Sommaire

Dans le pays qui compte près de 8 millions de personnes vivant
avec le VIH, un traitement préventif injectable vient de passer du
laboratoire à la réalité. En Afrique du Sud, le 5 juin, une
injection anti-VIH à action longue a été proposée pour la première
fois dans 360 cliniques publiques. Près de 40 000 doses ont été
livrées pour cette phase initiale, nourrissant un immense espoir
dans la population la plus touchée au monde.

Ce traitement, le Lenacapavir, est un
antirétroviral à action prolongée : une injection tous les
six mois suffit pour offrir, selon les essais Purpose 1 et
2 menés en Afrique austro-orientale, une protection préventive
proche de 100 %. Le président Cyril Ramaphosa y voit « Un signe
d’espoir », cité par RFI, dans un pays où plus d’un habitant sur dix
vit avec le virus. Objectif affiché : proposer le Lenacapavir à
près d’un million de Sud-Africains d’ici fin 2027.

Lenacapavir en Afrique du Sud : une
injection préventive qui change la donne

Le lancement national a eu lieu dans une clinique du township
d’Embalenhle, près de Secunda. Jein, 21 ans, figure parmi les
premières volontaires. « Je suis très agitée, il y a beaucoup de
monde ! », a confié la jeune femme, citée par RFI Afrique. Le
ministre de la Santé Aaron Motsoaledi a salué cette avancée :
« C’est un tournant dans la lutte contre le VIH et le
sida
, cela change la donne. Cette jeune femme vient d’entrer
dans l’histoire. Nous en sommes très fiers ! », a-t-il
déclaré.

Le
Lenacapavir
, développé par le laboratoire
américain Gilead Sciences, appartient à une nouvelle classe
d’antirétroviraux qui ciblent la capside du virus. Concrètement, il
s’agit d’une forme de prophylaxie pré-exposition : des personnes
séronégatives mais exposées au risque reçoivent une injection
sous-cutanée puis reviennent six mois plus tard pour le rappel. Par
rapport aux comprimés quotidiens de PrEP, souvent abandonnés en
cours de route, ce schéma semestriel répond mieux aux contraintes
des adolescentes et jeunes femmes d’Afrique australe.

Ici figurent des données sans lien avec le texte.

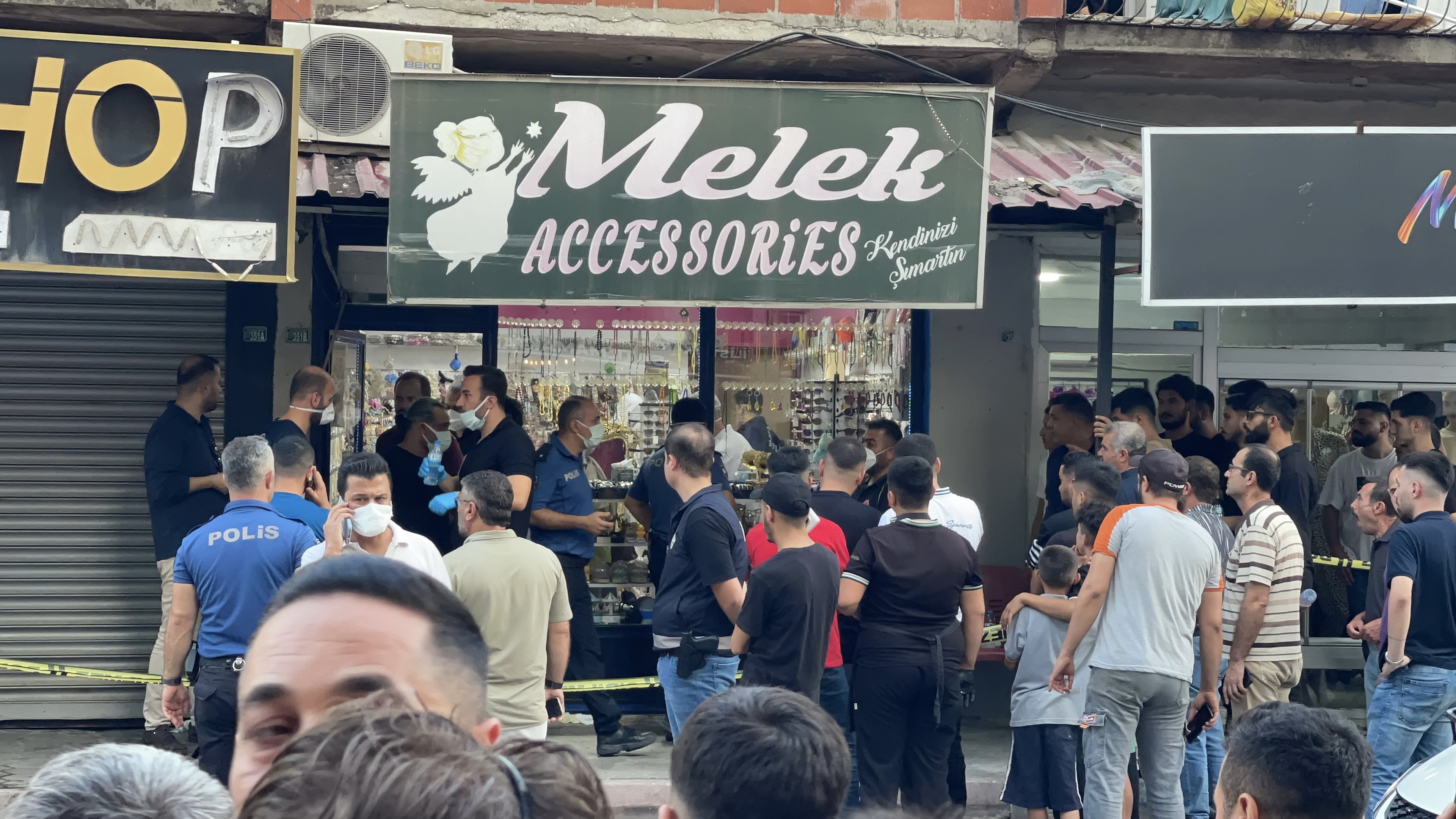 İş Yerinde İki Kişinin Cansız Bedeni Bulundu (1)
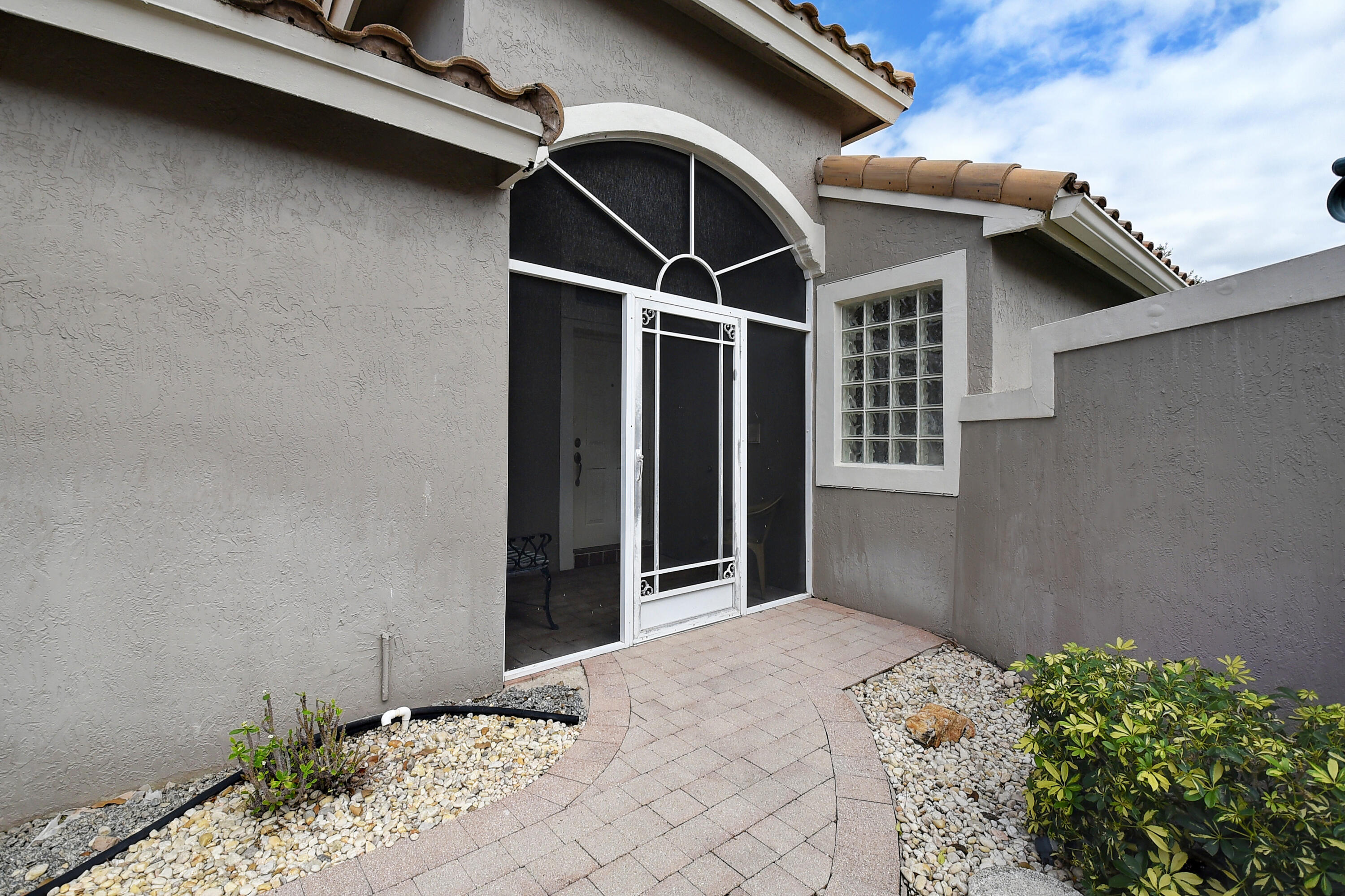 JONES PAR D-3 - Residential Lease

Afrique du Sud : un espoir immense
contre le VIH, mais des doses comptées

Selon ONUSIDA, environ 8 millions de personnes
vivent avec le VIH en Afrique du Sud, soit plus
d’un habitant sur dix. Dans ce contexte, « Un signe
d’espoir », a salué le président Cyril Ramaphosa, cité par RFI.
Le gouvernement voit dans le Lenacapavir un levier pour rapprocher
le pays de l’objectif 95-95-95 fixé pour 2030.

L’Onusida vise à la fin de la transmission du VIH au niveau
mondial en 2030, en atteignant les objectifs appelés « 95–95-95  »
d’ici 2025, à savoir :

95 % des personnes infectées par le VIH diagnostiquées ;
95 % des personnes diagnostiquées sous traitement
antirétroviral ;
95 % des personnes traitées avec succès, avec une charge virale
durablement indétectable pour ne plus transmettre le VIH.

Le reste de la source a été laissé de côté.